12

I have two lists of dictionaries (returned as Django querysets). Each dictionary has an ID value. I'd like to merge the two into a single list of dictionaries, based on the ID value.

For example:

list_a = [{'user__name': u'Joe', 'user__id': 1},
          {'user__name': u'Bob', 'user__id': 3}]
list_b = [{'hours_worked': 25, 'user__id': 3},
          {'hours_worked': 40, 'user__id': 1}]

and I want a function to yield:

list_c = [{'user__name': u'Joe', 'user__id': 1, 'hours_worked': 40},
          {'user__name': u'Bob', 'user__id': 3, 'hours_worked': 25}]

Additional points to note:

  • The IDs in the lists may not be in the same order (as with the example above).
  • The lists will probably have the same number of elements, but I want to account for the option if they're not but keeping all the values from list_a (essentially list_a OUTER JOIN list_b USING user__id).
  • I've tried doing this in SQL but it's not possible since some of the values are aggregates based on some exclusions.
  • It's safe to assume there will only be at most one dictionary with the same user__id in each list due to the database queries used.
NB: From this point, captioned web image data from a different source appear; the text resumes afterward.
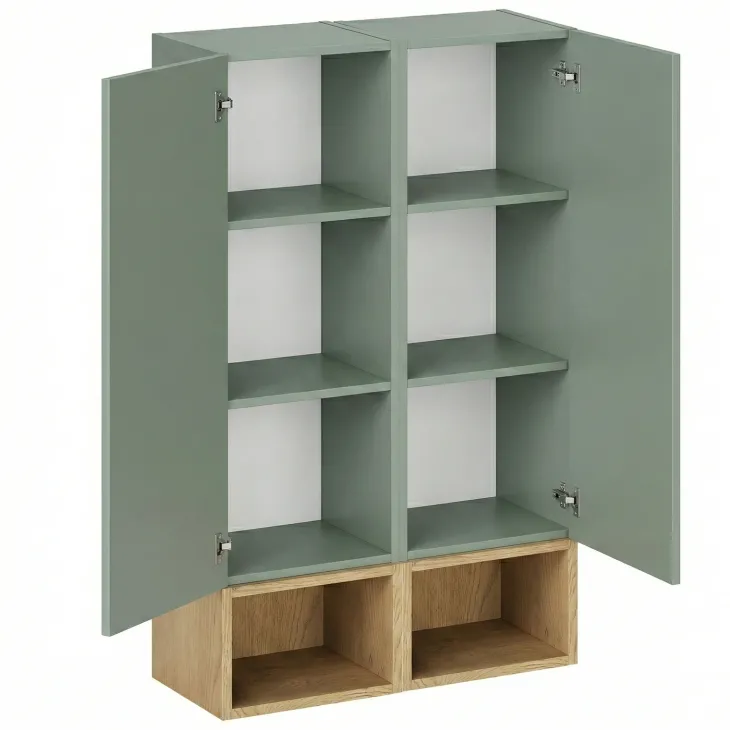 Pensile bagno sospeso 60x100h cm 2 ante verde salvia rovere Speranza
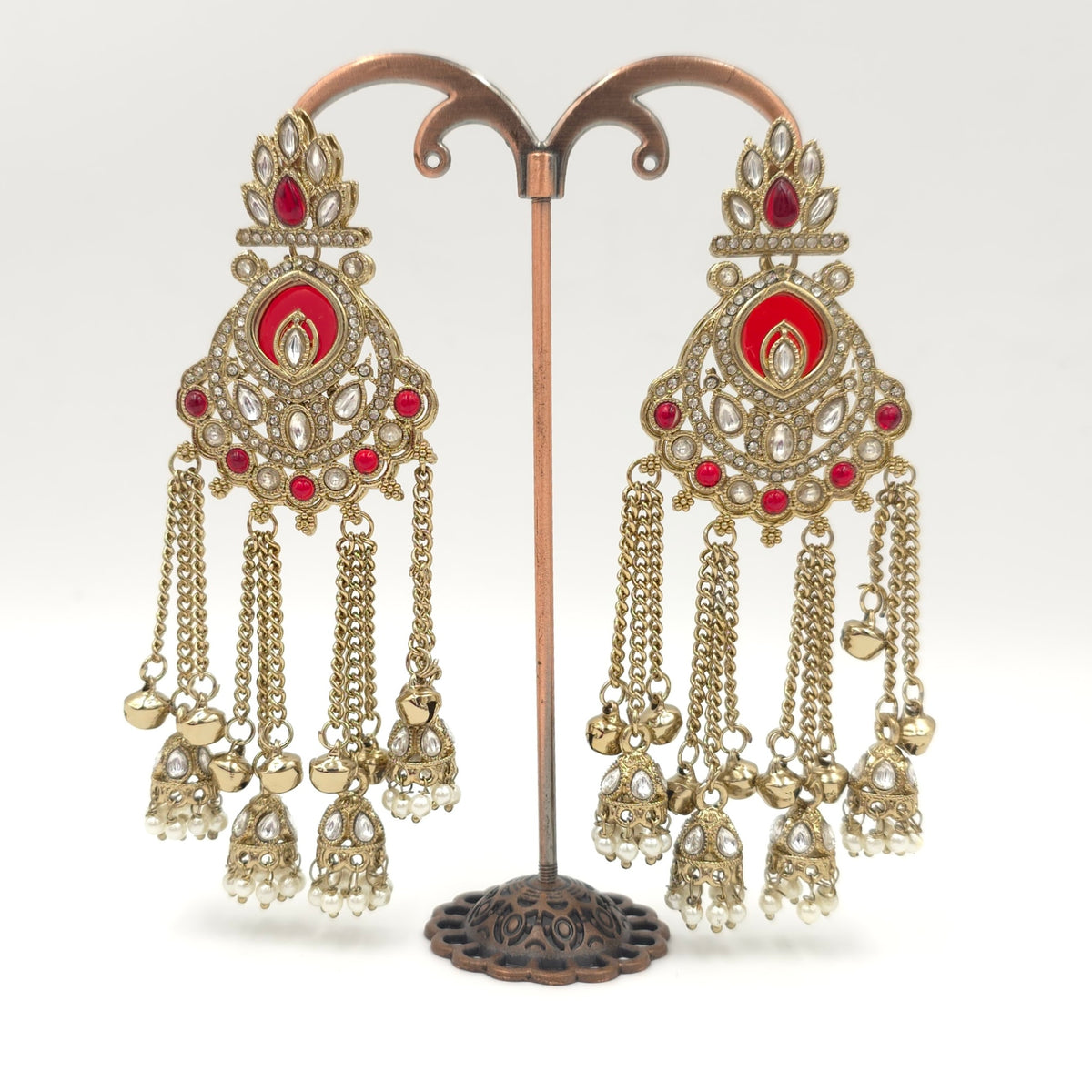 Ruby Regal Tassel Jhumka Earrings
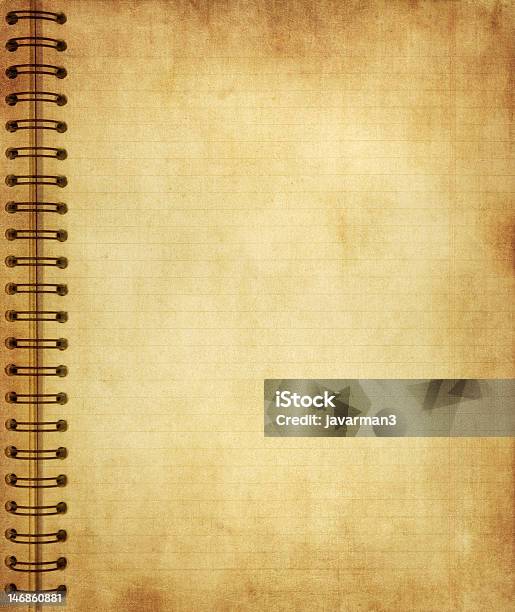 Page From Old Grunge Notebook Stock Photo - Download Image Now - Aging Process, Ancient, Antique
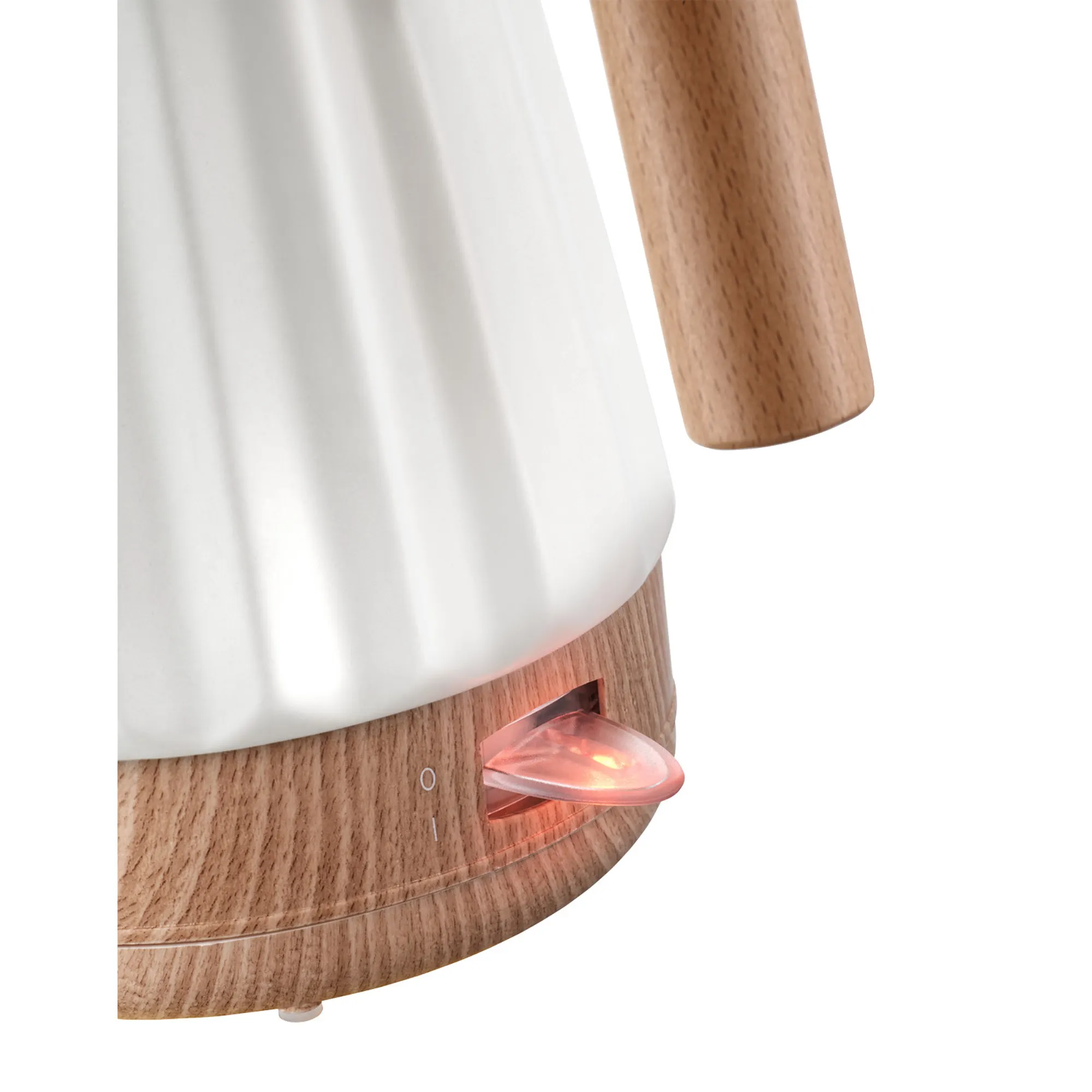 lamp, wood, base, różowe światło, włącznik/wyłącznik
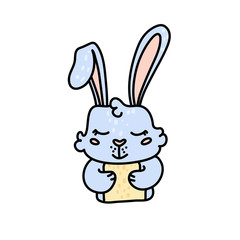 Cute baby hare hand drawn vector character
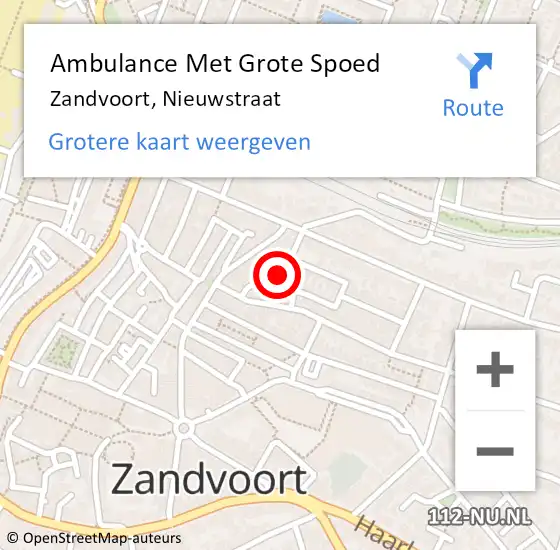 Locatie op kaart van de 112 melding: Ambulance Met Grote Spoed Naar Zandvoort, Nieuwstraat op 1 november 2022 15:34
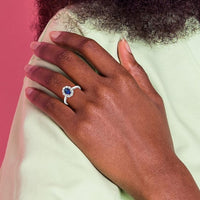 Thumbnail for 14-karat WG Cr. Oval Blue Sapphire & Lab Grown Dias Fashion Ring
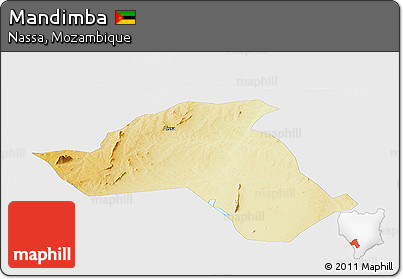 Physical Panoramic Map of Mandimba, single color outside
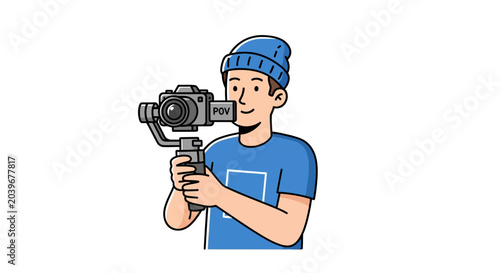 Cartoon man holding video camera illustration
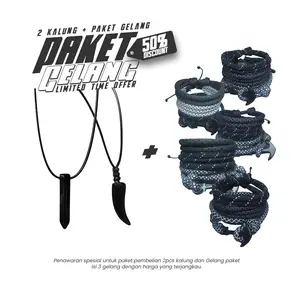 PAKET 3 GELANG DAN 2 KALUNG Kalung Black Jade dan Kalung Taring Hitam Tali Korea PLUS Paket Gelang Jangkar premium isi 3 gelang GELANG JANGKAR, GELANG RANGKAP, GELANG SIMPLE PARACORD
Many thanks for your time.

edkay
  • 181
  • 1
  • 8

2 Answers2

19

I'd use itertools.groupby to group the elements:

lst = sorted(itertools.chain(list_a,list_b), key=lambda x:x['user__id'])
list_c = []
for k,v in itertools.groupby(lst, key=lambda x:x['user__id']):
    d = {}
    for dct in v:
        d.update(dct)
    list_c.append(d)
    #could also do:
    #list_c.append( dict(itertools.chain.from_iterable(dct.items() for dct in v)) )
    #although that might be a little harder to read.

If you have an aversion to lambda functions, you can always use operator.itemgetter('user__id') instead. (it's probably slightly more efficient too)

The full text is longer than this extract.